Records supplied:
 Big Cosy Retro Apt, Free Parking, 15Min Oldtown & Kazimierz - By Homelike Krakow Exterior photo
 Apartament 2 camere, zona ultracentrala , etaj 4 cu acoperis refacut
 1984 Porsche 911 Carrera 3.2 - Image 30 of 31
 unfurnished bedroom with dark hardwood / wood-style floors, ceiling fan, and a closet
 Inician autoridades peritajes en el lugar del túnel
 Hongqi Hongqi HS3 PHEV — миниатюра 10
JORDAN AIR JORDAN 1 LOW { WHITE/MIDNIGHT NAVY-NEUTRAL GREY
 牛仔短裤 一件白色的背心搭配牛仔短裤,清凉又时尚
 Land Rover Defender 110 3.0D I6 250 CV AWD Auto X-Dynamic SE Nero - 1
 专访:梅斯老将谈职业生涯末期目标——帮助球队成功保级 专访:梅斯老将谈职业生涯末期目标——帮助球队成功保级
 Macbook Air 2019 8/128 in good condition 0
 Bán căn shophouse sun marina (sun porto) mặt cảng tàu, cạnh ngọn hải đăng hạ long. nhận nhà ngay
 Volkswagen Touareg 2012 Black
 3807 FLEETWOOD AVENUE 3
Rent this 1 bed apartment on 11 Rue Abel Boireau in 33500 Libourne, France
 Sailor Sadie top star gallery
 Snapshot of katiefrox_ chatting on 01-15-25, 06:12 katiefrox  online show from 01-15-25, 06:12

Your goal: Include the first line, the line containing "专访:梅斯老将谈职业生涯末期目标——帮助球队成功保级 专", and every line between them, copied exactly from the material above; output no other line.

Exercise solution:
 Big Cosy Retro Apt, Free Parking, 15Min Oldtown & Kazimierz - By Homelike Krakow Exterior photo
 Apartament 2 camere, zona ultracentrala , etaj 4 cu acoperis refacut
 1984 Porsche 911 Carrera 3.2 - Image 30 of 31
 unfurnished bedroom with dark hardwood / wood-style floors, ceiling fan, and a closet
 Inician autoridades peritajes en el lugar del túnel
 Hongqi Hongqi HS3 PHEV — миниатюра 10
JORDAN AIR JORDAN 1 LOW { WHITE/MIDNIGHT NAVY-NEUTRAL GREY
 牛仔短裤 一件白色的背心搭配牛仔短裤,清凉又时尚
 Land Rover Defender 110 3.0D I6 250 CV AWD Auto X-Dynamic SE Nero - 1
 专访:梅斯老将谈职业生涯末期目标——帮助球队成功保级 专访:梅斯老将谈职业生涯末期目标——帮助球队成功保级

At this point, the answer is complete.